ASSIGNED TASK:
An unchanged copy of all the lines below is expected, and it should contain no pictures.

EXERCISE DATA:

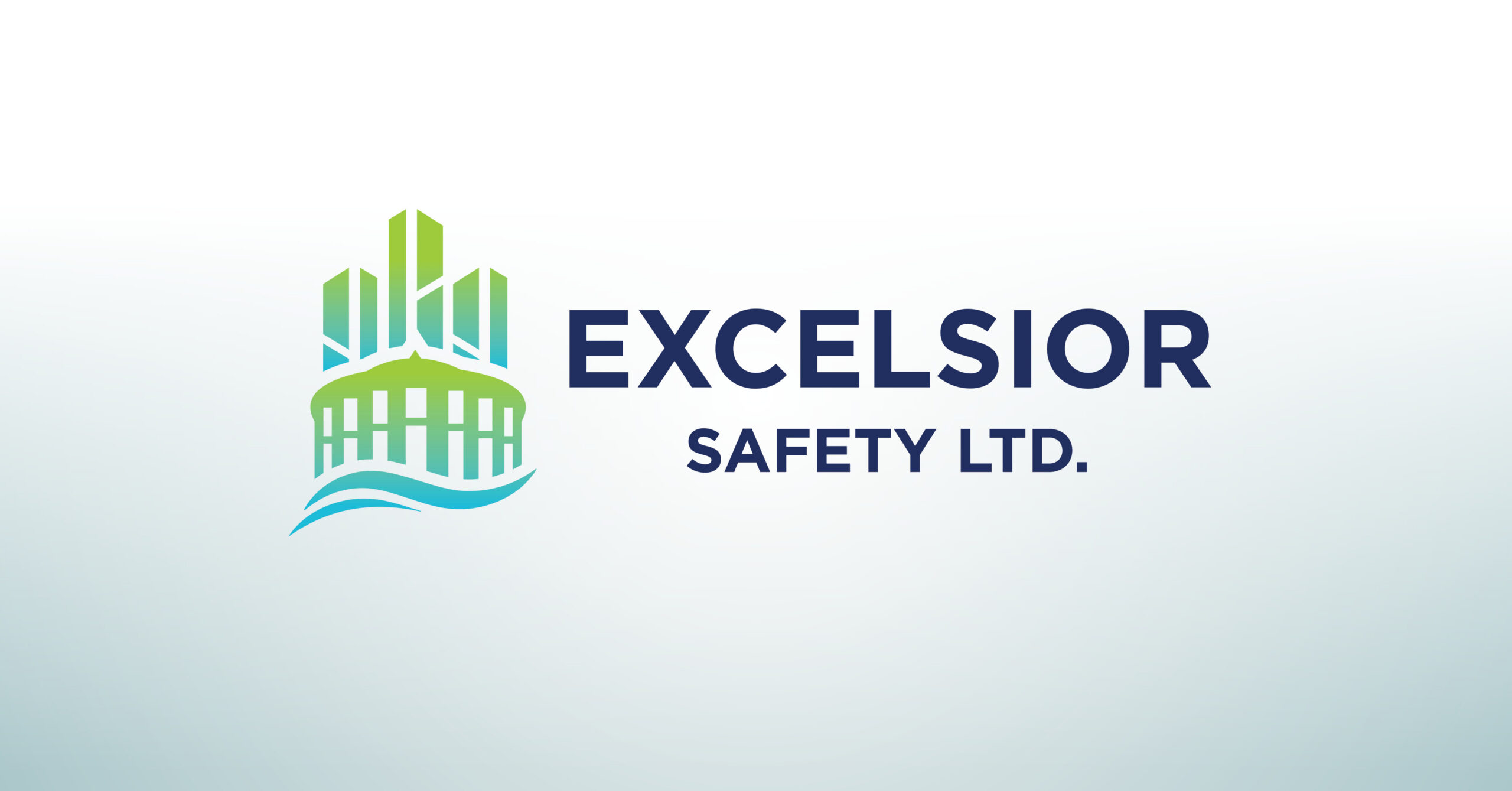 Peebles Creative Group | Excelsior Safety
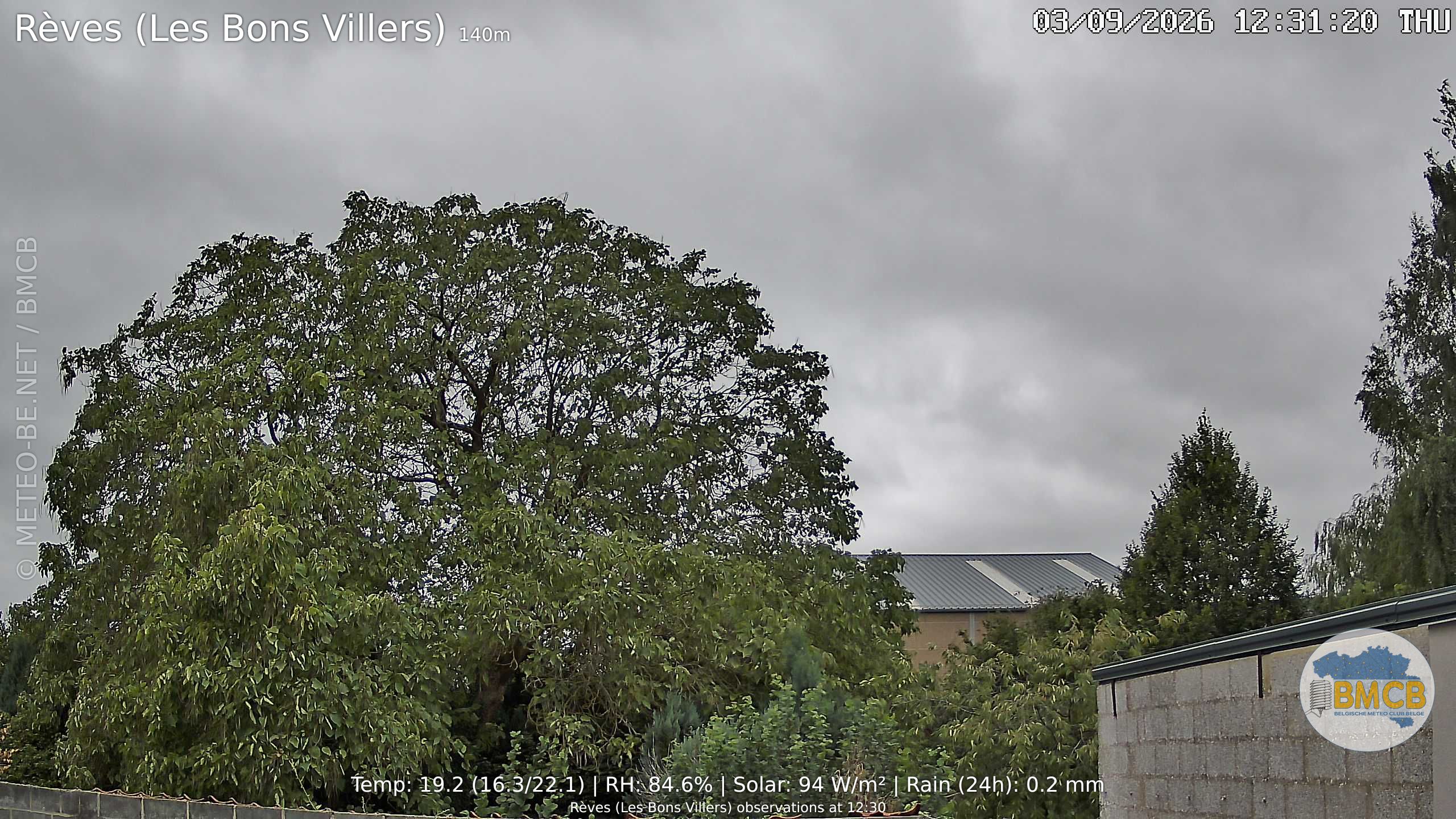 03-09-2026 12:45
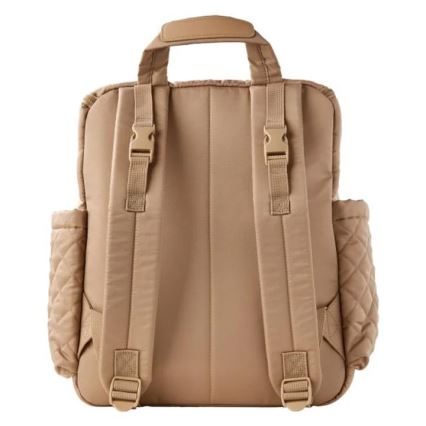 Skip Hop - Mähkmekott kärule FORMA CAMEL
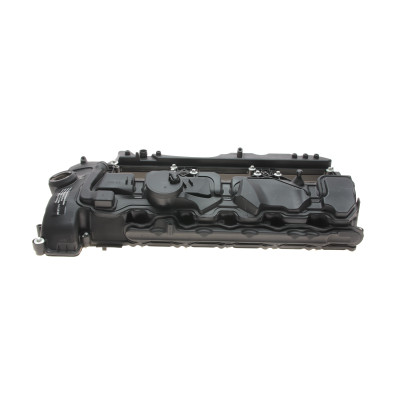 Кришка клапанів BMW 3 (E90)/5 (F10/F11)/X5 (E70/F15/F85) 3.0i N55 06-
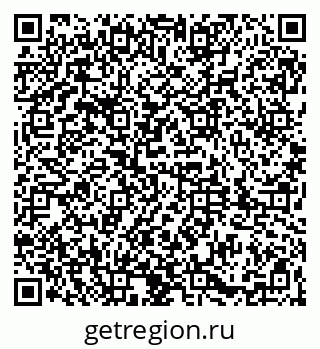 79061829543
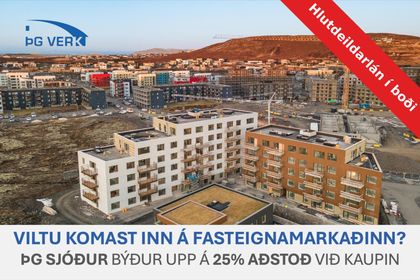 Baughamar 23 (102)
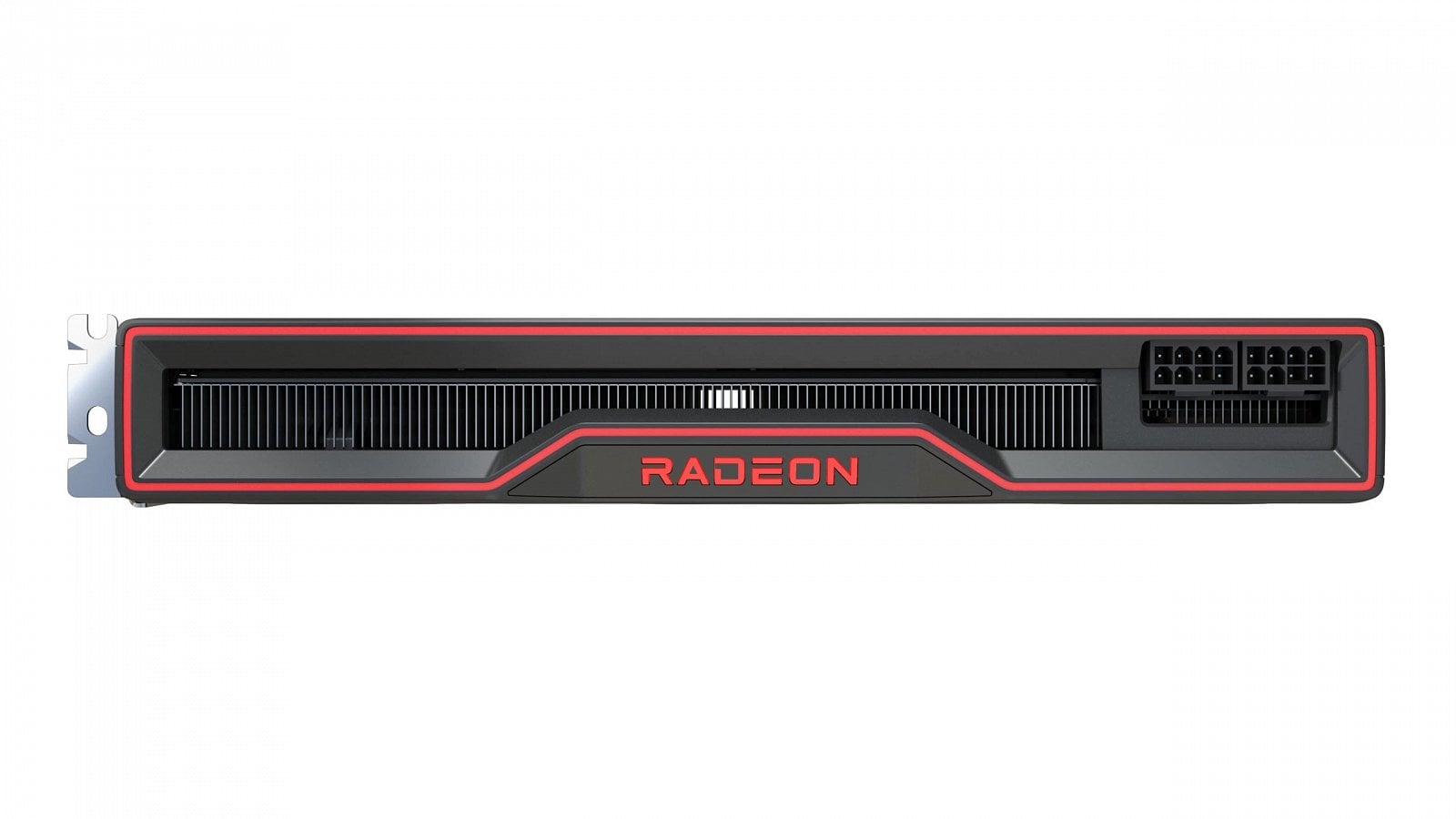 2020-10-Referenční-provedení-grafiky-AMD-Radeon-RX-6800-07-scale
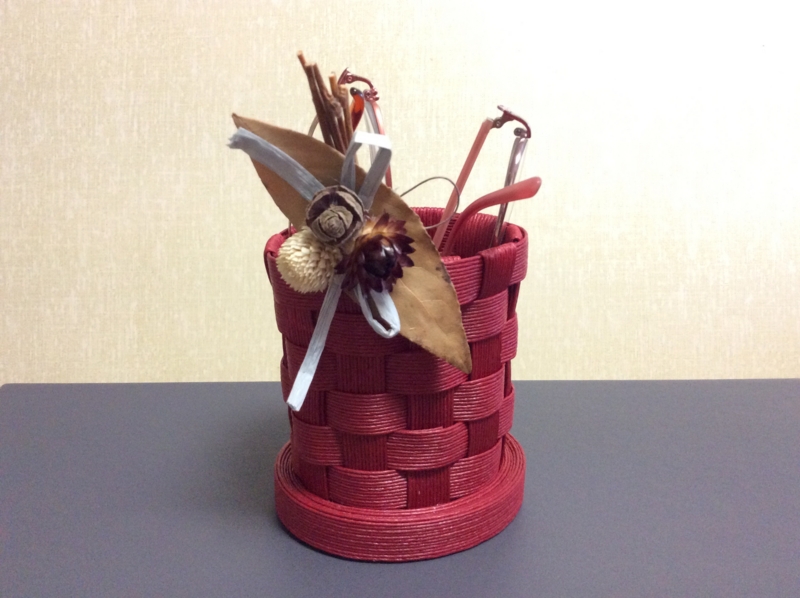 f:id:nonishi:20150906165703j:image:w360 f:id:nonishi:20150906165703j:image:w360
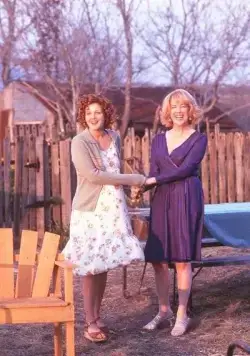 Вот такие пироги (1998) через торрент скачать Вот такие пироги (1998) фильм через торрент скачать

WORKED SOLUTION:
 Peebles Creative Group | Excelsior Safety
 03-09-2026 12:45
 Skip Hop - Mähkmekott kärule FORMA CAMEL
 Кришка клапанів BMW 3 (E90)/5 (F10/F11)/X5 (E70/F15/F85) 3.0i N55 06-
 79061829543
 Baughamar 23 (102)
 2020-10-Referenční-provedení-grafiky-AMD-Radeon-RX-6800-07-scale
 f:id:nonishi:20150906165703j:image:w360 f:id:nonishi:20150906165703j:image:w360
 Вот такие пироги (1998) через торрент скачать Вот такие пироги (1998) фильм через торрент скачать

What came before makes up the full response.